Scraping: SSL: CERTIFICATE_VERIFY_FAILED error for

2020-02-02 04:12发布

问题:

I'm practicing the code from 'Web Scraping with Python', and I keep having this certificate problem:

from urllib.request import urlopen 
from bs4 import BeautifulSoup 
import re

pages = set()
def getLinks(pageUrl):
    global pages
    html = urlopen("http://en.wikipedia.org"+pageUrl)
    bsObj = BeautifulSoup(html)
    for link in bsObj.findAll("a", href=re.compile("^(/wiki/)")):
        if 'href' in link.attrs:
            if link.attrs['href'] not in pages:
                #We have encountered a new page
                newPage = link.attrs['href'] 
                print(newPage) 
                pages.add(newPage) 
                getLinks(newPage)
getLinks("")

The error is:

  File "/Library/Frameworks/Python.framework/Versions/3.7/lib/python3.7/urllib/request.py", line 1319, in do_open
    raise URLError(err)
urllib.error.URLError: <urlopen error [SSL: CERTIFICATE_VERIFY_FAILED] certificate verify failed: unable to get local issuer certificate (_ssl.c:1049)>

Btw,I was also practicing scrapy, but kept getting the problem: command not found: scrapy (I tried all sorts of solutions online but none works... really frustrating)

回答1:

Once upon a time I stumbled with this issue.
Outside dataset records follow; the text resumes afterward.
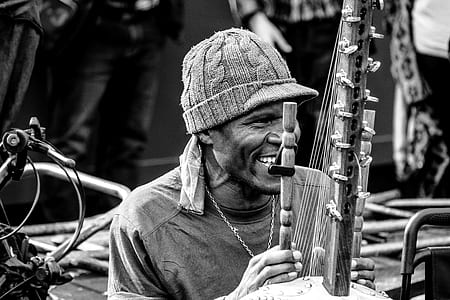 man holding flute and harp thumbnail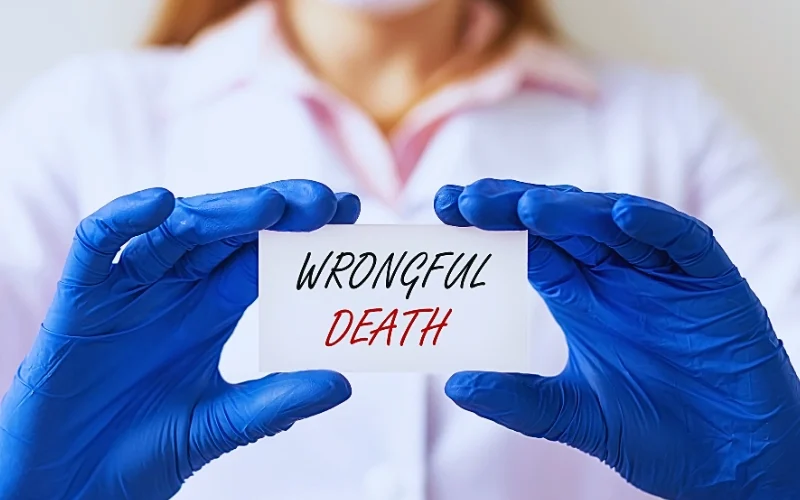 A person wearing blue medical gloves holding a small white card with the words "WRONGFUL DEATH" written on it. How Long Do Families Have to File a Wrongful Death Lawsuit in Florida
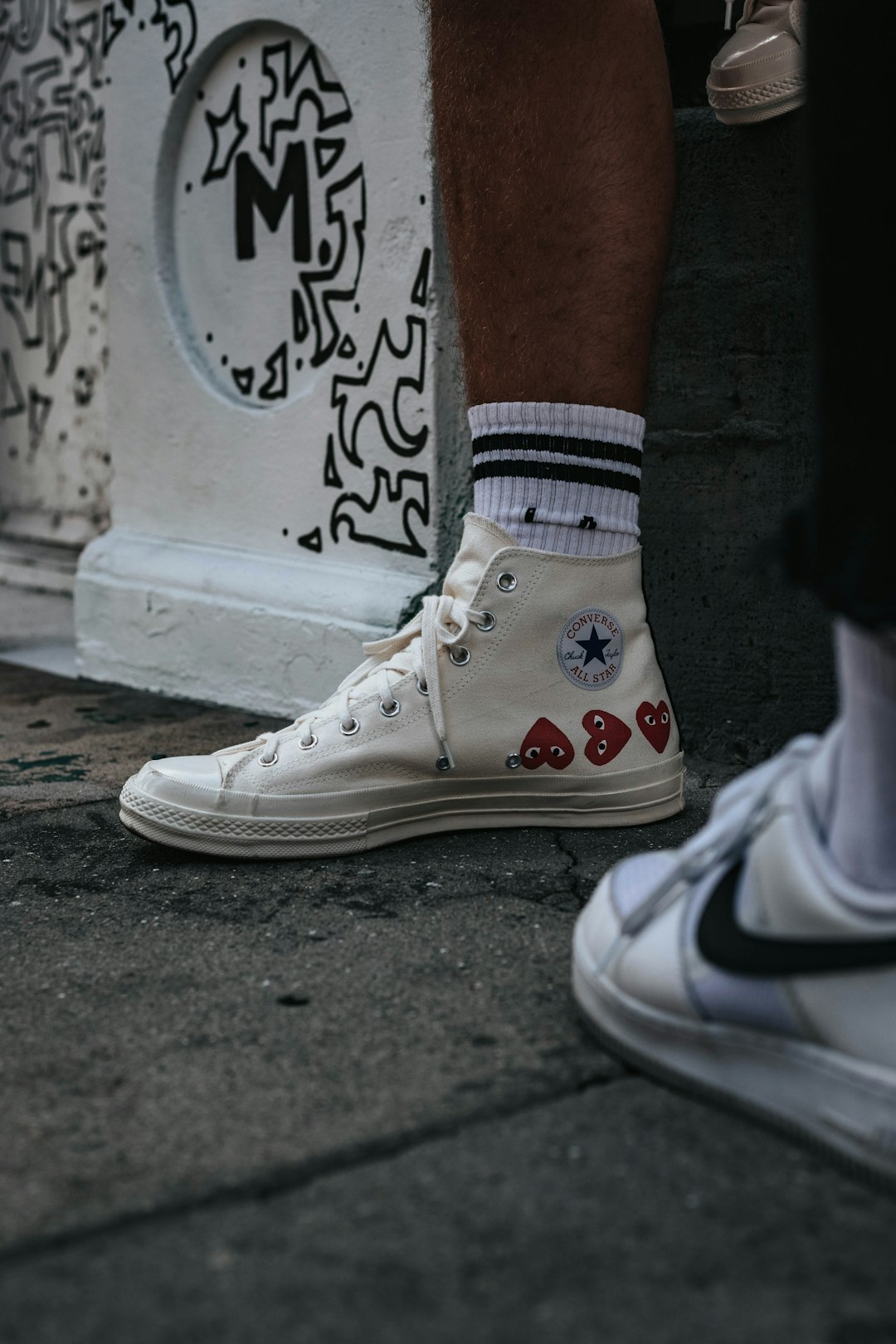 person wearing white sneakers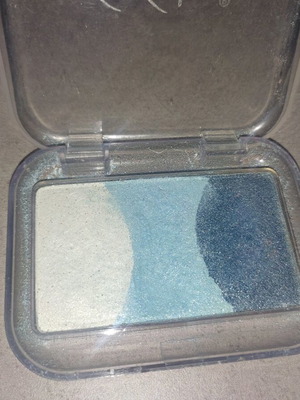 Triple eyeshadow palette used in iridescent blue shades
If you're using macOS go to Macintosh HD > Applications > Python3.6 folder (or whatever version of python you're using) > double click on "Install Certificates.command" file. :D



回答2:

To solve this:

All you need to do is to install Python certificates! A common issue on macOS.

Open these files:

Install Certificates.command
Update Shell Profile.command

Simply Run these two scripts and you wont have this issue any more.

Hope this helps!



回答3:

This terminal command:

open /Applications/Python\ 3.7/Install\ Certificates.command

Found here: https://stackoverflow.com/a/57614113/6207266

Resolved it for me. With my config

pip install --upgrade certifi

had no impact.



回答4:

For novice users, you can go in the Applications folder and expand the Python 3.7 folder. Now first run (or double click) the Install Certificates.command and then Update Shell Profile.command



回答5:

Take a look at this post, it seems like for later versions of Python, certificates are not pre installed which seems to cause this error. You should be able to run the following command to install the certifi package: /Applications/Python\ 3.6/Install\ Certificates.command

Post 1: urllib and "SSL: CERTIFICATE_VERIFY_FAILED" Error

Post 2: Airbrake error: urlopen error [SSL: CERTIFICATE_VERIFY_FAILED] certificate verify failed: unable to get local issuer certificate



回答6:

Two steps worked for me : - going Macintosh HD > Applications > Python3.7 folder - click on "Install Certificates.command"



回答7:

If you're running on a Mac you could just search for Install Certificates.command on the spotlight and hit enter.



回答8:

i didn't solve the problem, sadly. but managed to make to codes work (almost all of my codes have this probelm btw) the local issuer certificate problem happens under python3.7 so i changed back to python2.7 QAQ and all that needed to change including "from urllib2 import urlopen" instead of "from urllib.request import urlopen" so sad...



回答9:

For anyone who is using anaconda, you would install the certifi package, see more at:

https://anaconda.org/anaconda/certifi

To install, type this line in your terminal:

conda install -c anaconda certifi


回答10:

Use requests library. Try this solution, or just add https:// before the URL:

import requests
from bs4 import BeautifulSoup
import re

pages = set()
def getLinks(pageUrl):
    global pages
    html = requests.get("http://en.wikipedia.org"+pageUrl, verify=False).text
    bsObj = BeautifulSoup(html)
    for link in bsObj.findAll("a", href=re.compile("^(/wiki/)")):
        if 'href' in link.attrs:
            if link.attrs['href'] not in pages:
                #We have encountered a new page
                newPage = link.attrs['href']
                print(newPage)
                pages.add(newPage)
                getLinks(newPage)
getLinks("")

Check if this works for you



回答11:

Change your url from "http://en.wikipedia.org" to "https://en.wikipedia.org".